[Records from a data source]

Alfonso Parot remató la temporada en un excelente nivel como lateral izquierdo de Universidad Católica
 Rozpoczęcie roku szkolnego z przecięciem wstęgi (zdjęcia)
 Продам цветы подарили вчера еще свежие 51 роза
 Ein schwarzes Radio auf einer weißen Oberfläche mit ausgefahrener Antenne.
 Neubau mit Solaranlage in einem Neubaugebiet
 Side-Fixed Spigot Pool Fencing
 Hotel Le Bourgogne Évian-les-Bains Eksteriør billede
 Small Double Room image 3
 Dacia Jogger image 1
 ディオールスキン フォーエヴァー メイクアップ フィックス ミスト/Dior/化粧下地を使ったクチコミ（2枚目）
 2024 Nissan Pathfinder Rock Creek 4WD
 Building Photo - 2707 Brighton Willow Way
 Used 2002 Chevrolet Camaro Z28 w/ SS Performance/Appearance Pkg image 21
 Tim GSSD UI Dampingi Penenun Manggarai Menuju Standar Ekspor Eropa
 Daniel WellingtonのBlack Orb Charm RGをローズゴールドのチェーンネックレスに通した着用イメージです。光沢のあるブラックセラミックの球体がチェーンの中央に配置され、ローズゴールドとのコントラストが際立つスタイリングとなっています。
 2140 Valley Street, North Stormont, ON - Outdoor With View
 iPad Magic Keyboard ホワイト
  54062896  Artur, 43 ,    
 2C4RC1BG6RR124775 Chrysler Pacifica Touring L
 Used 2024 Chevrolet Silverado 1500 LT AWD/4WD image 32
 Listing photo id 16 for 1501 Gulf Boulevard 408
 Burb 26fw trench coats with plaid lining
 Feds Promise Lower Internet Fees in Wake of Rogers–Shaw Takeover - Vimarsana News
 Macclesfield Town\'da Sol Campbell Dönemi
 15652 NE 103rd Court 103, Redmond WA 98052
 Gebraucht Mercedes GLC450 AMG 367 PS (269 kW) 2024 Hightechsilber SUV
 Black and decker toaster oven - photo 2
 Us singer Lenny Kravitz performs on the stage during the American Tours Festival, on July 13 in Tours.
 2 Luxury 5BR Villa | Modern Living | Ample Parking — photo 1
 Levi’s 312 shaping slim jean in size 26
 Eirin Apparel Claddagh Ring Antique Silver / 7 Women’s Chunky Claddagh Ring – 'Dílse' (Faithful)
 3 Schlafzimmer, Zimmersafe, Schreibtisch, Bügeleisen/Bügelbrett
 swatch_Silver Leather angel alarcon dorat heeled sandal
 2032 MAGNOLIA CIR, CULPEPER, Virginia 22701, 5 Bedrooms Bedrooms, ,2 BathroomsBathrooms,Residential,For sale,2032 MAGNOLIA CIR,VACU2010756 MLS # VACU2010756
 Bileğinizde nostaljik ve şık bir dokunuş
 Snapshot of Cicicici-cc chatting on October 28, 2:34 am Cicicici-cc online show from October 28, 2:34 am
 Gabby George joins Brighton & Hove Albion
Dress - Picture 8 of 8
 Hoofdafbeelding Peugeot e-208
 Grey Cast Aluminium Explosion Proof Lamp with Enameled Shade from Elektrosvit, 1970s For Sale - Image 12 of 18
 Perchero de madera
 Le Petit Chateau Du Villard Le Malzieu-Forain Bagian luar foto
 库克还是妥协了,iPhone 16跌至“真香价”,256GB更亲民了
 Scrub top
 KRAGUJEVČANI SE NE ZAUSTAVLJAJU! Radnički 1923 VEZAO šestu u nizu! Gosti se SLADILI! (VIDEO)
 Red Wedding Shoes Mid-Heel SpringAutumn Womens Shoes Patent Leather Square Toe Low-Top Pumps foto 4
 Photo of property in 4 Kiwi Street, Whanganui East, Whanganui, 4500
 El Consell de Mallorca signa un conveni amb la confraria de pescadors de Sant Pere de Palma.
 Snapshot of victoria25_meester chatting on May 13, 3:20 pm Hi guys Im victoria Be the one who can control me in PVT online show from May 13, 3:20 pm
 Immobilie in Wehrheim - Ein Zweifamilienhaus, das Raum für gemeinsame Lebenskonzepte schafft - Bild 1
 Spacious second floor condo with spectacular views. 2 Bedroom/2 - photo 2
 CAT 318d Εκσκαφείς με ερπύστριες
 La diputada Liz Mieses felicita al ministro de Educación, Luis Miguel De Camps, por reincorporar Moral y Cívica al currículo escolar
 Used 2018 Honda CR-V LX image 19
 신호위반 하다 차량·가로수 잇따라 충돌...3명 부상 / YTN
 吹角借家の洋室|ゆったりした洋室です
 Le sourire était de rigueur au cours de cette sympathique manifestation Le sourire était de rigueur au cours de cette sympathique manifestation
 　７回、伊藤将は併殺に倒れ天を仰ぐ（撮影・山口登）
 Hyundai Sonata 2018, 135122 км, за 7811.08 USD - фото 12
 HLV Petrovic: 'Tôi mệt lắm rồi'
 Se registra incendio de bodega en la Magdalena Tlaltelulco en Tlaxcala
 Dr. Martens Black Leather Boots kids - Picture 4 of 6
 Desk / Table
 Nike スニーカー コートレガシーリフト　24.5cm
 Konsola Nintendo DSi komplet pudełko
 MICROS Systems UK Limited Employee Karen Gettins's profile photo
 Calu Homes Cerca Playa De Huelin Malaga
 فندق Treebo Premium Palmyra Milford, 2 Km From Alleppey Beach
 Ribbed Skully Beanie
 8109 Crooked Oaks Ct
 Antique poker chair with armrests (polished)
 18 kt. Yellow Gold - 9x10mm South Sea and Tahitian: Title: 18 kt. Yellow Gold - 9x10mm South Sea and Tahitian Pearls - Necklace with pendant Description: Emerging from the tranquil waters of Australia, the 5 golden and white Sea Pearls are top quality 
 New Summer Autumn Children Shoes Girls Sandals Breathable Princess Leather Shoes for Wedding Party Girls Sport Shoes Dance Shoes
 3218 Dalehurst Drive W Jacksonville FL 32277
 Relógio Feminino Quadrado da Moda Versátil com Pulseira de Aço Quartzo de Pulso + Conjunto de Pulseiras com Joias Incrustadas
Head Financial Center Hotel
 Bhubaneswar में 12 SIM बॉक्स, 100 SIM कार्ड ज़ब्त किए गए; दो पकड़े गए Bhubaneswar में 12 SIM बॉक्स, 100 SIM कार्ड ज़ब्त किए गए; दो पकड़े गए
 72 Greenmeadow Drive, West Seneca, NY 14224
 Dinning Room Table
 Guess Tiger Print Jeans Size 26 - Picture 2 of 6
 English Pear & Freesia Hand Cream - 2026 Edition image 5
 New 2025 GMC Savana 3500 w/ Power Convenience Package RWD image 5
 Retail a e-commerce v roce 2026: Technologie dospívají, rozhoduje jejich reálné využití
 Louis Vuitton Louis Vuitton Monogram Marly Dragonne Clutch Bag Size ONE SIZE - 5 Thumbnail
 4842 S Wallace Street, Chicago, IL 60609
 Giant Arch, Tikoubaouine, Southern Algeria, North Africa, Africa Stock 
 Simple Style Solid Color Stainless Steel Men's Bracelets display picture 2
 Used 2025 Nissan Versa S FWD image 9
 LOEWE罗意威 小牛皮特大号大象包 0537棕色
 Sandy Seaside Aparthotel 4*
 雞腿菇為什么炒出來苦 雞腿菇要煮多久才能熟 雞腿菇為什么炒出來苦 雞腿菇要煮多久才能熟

ASSIGNED TASK: Send back all the records above word for word.

RESULT FOR THIS EXERCISE:
Alfonso Parot remató la temporada en un excelente nivel como lateral izquierdo de Universidad Católica
 Rozpoczęcie roku szkolnego z przecięciem wstęgi (zdjęcia)
 Продам цветы подарили вчера еще свежие 51 роза
 Ein schwarzes Radio auf einer weißen Oberfläche mit ausgefahrener Antenne.
 Neubau mit Solaranlage in einem Neubaugebiet
 Side-Fixed Spigot Pool Fencing
 Hotel Le Bourgogne Évian-les-Bains Eksteriør billede
 Small Double Room image 3
 Dacia Jogger image 1
 ディオールスキン フォーエヴァー メイクアップ フィックス ミスト/Dior/化粧下地を使ったクチコミ（2枚目）
 2024 Nissan Pathfinder Rock Creek 4WD
 Building Photo - 2707 Brighton Willow Way
 Used 2002 Chevrolet Camaro Z28 w/ SS Performance/Appearance Pkg image 21
 Tim GSSD UI Dampingi Penenun Manggarai Menuju Standar Ekspor Eropa
 Daniel WellingtonのBlack Orb Charm RGをローズゴールドのチェーンネックレスに通した着用イメージです。光沢のあるブラックセラミックの球体がチェーンの中央に配置され、ローズゴールドとのコントラストが際立つスタイリングとなっています。
 2140 Valley Street, North Stormont, ON - Outdoor With View
 iPad Magic Keyboard ホワイト
  54062896  Artur, 43 ,    
 2C4RC1BG6RR124775 Chrysler Pacifica Touring L
 Used 2024 Chevrolet Silverado 1500 LT AWD/4WD image 32
 Listing photo id 16 for 1501 Gulf Boulevard 408
 Burb 26fw trench coats with plaid lining
 Feds Promise Lower Internet Fees in Wake of Rogers–Shaw Takeover - Vimarsana News
 Macclesfield Town\'da Sol Campbell Dönemi
 15652 NE 103rd Court 103, Redmond WA 98052
 Gebraucht Mercedes GLC450 AMG 367 PS (269 kW) 2024 Hightechsilber SUV
 Black and decker toaster oven - photo 2
 Us singer Lenny Kravitz performs on the stage during the American Tours Festival, on July 13 in Tours.
 2 Luxury 5BR Villa | Modern Living | Ample Parking — photo 1
 Levi’s 312 shaping slim jean in size 26
 Eirin Apparel Claddagh Ring Antique Silver / 7 Women’s Chunky Claddagh Ring – 'Dílse' (Faithful)
 3 Schlafzimmer, Zimmersafe, Schreibtisch, Bügeleisen/Bügelbrett
 swatch_Silver Leather angel alarcon dorat heeled sandal
 2032 MAGNOLIA CIR, CULPEPER, Virginia 22701, 5 Bedrooms Bedrooms, ,2 BathroomsBathrooms,Residential,For sale,2032 MAGNOLIA CIR,VACU2010756 MLS # VACU2010756
 Bileğinizde nostaljik ve şık bir dokunuş
 Snapshot of Cicicici-cc chatting on October 28, 2:34 am Cicicici-cc online show from October 28, 2:34 am
 Gabby George joins Brighton & Hove Albion
Dress - Picture 8 of 8
 Hoofdafbeelding Peugeot e-208
 Grey Cast Aluminium Explosion Proof Lamp with Enameled Shade from Elektrosvit, 1970s For Sale - Image 12 of 18
 Perchero de madera
 Le Petit Chateau Du Villard Le Malzieu-Forain Bagian luar foto
 库克还是妥协了,iPhone 16跌至“真香价”,256GB更亲民了
 Scrub top
 KRAGUJEVČANI SE NE ZAUSTAVLJAJU! Radnički 1923 VEZAO šestu u nizu! Gosti se SLADILI! (VIDEO)
 Red Wedding Shoes Mid-Heel SpringAutumn Womens Shoes Patent Leather Square Toe Low-Top Pumps foto 4
 Photo of property in 4 Kiwi Street, Whanganui East, Whanganui, 4500
 El Consell de Mallorca signa un conveni amb la confraria de pescadors de Sant Pere de Palma.
 Snapshot of victoria25_meester chatting on May 13, 3:20 pm Hi guys Im victoria Be the one who can control me in PVT online show from May 13, 3:20 pm
 Immobilie in Wehrheim - Ein Zweifamilienhaus, das Raum für gemeinsame Lebenskonzepte schafft - Bild 1
 Spacious second floor condo with spectacular views. 2 Bedroom/2 - photo 2
 CAT 318d Εκσκαφείς με ερπύστριες
 La diputada Liz Mieses felicita al ministro de Educación, Luis Miguel De Camps, por reincorporar Moral y Cívica al currículo escolar
 Used 2018 Honda CR-V LX image 19
 신호위반 하다 차량·가로수 잇따라 충돌...3명 부상 / YTN
 吹角借家の洋室|ゆったりした洋室です
 Le sourire était de rigueur au cours de cette sympathique manifestation Le sourire était de rigueur au cours de cette sympathique manifestation
 　７回、伊藤将は併殺に倒れ天を仰ぐ（撮影・山口登）
 Hyundai Sonata 2018, 135122 км, за 7811.08 USD - фото 12
 HLV Petrovic: 'Tôi mệt lắm rồi'
 Se registra incendio de bodega en la Magdalena Tlaltelulco en Tlaxcala
 Dr. Martens Black Leather Boots kids - Picture 4 of 6
 Desk / Table
 Nike スニーカー コートレガシーリフト　24.5cm
 Konsola Nintendo DSi komplet pudełko
 MICROS Systems UK Limited Employee Karen Gettins's profile photo
 Calu Homes Cerca Playa De Huelin Malaga
 فندق Treebo Premium Palmyra Milford, 2 Km From Alleppey Beach
 Ribbed Skully Beanie
 8109 Crooked Oaks Ct
 Antique poker chair with armrests (polished)
 18 kt. Yellow Gold - 9x10mm South Sea and Tahitian: Title: 18 kt. Yellow Gold - 9x10mm South Sea and Tahitian Pearls - Necklace with pendant Description: Emerging from the tranquil waters of Australia, the 5 golden and white Sea Pearls are top quality 
 New Summer Autumn Children Shoes Girls Sandals Breathable Princess Leather Shoes for Wedding Party Girls Sport Shoes Dance Shoes
 3218 Dalehurst Drive W Jacksonville FL 32277
 Relógio Feminino Quadrado da Moda Versátil com Pulseira de Aço Quartzo de Pulso + Conjunto de Pulseiras com Joias Incrustadas
Head Financial Center Hotel
 Bhubaneswar में 12 SIM बॉक्स, 100 SIM कार्ड ज़ब्त किए गए; दो पकड़े गए Bhubaneswar में 12 SIM बॉक्स, 100 SIM कार्ड ज़ब्त किए गए; दो पकड़े गए
 72 Greenmeadow Drive, West Seneca, NY 14224
 Dinning Room Table
 Guess Tiger Print Jeans Size 26 - Picture 2 of 6
 English Pear & Freesia Hand Cream - 2026 Edition image 5
 New 2025 GMC Savana 3500 w/ Power Convenience Package RWD image 5
 Retail a e-commerce v roce 2026: Technologie dospívají, rozhoduje jejich reálné využití
 Louis Vuitton Louis Vuitton Monogram Marly Dragonne Clutch Bag Size ONE SIZE - 5 Thumbnail
 4842 S Wallace Street, Chicago, IL 60609
 Giant Arch, Tikoubaouine, Southern Algeria, North Africa, Africa Stock 
 Simple Style Solid Color Stainless Steel Men's Bracelets display picture 2
 Used 2025 Nissan Versa S FWD image 9
 LOEWE罗意威 小牛皮特大号大象包 0537棕色
 Sandy Seaside Aparthotel 4*
 雞腿菇為什么炒出來苦 雞腿菇要煮多久才能熟 雞腿菇為什么炒出來苦 雞腿菇要煮多久才能熟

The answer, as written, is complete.